Let 𝜑 be a transitive pseudo-Anosov flow on an oriented, compact 3-manifold 𝑀, possibly with toral boundary. We characterize the surfaces in 𝑀 that are (almost) transverse to 𝜑. When 𝜑 has no perfect fits (e.g. 𝜑 is the suspension flow of a pseudo-Anosov homeomorphism), we prove that any Thurston norm-minimizing surface 𝑆 that pairs nonnegatively with the closed orbits of 𝜑 is almost transverse to 𝜑, up to isotopy. This answers a question of Cooper–Long–Reid. Our main tool is a correspondence between surfaces that are almost transverse to 𝜑 and those that are relatively carried by any associated veering triangulation. The correspondence also allows us to investigate the uniqueness of almost transverse position, to extend Mosher’s Transverse Surface Theorem to the case with boundary, and more generally to characterize when relative homology classes represent Birkhoff surfaces.
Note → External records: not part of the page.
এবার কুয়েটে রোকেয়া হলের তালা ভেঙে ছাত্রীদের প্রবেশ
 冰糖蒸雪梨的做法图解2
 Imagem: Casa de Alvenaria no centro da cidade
Funding source: National Science Foundation

Award Identifier / Grant number: DMS-2013073

Award Identifier / Grant number: DMS-2005328

Award Identifier / Grant number: DMS-2102018

Funding statement: Michael P. Landry was partially supported by NSF postdoctoral fellowship DMS-2013073. Yair N. Minsky was partially supported by DMS-2005328. Samuel J. Taylor was partially supported by DMS-2102018 and a Sloan Research Fellowship.

Acknowledgements

We thank Chi Cheuk Tsang for his detailed comments on an earlier draft and the anonymous referee for their helpful comments and corrections.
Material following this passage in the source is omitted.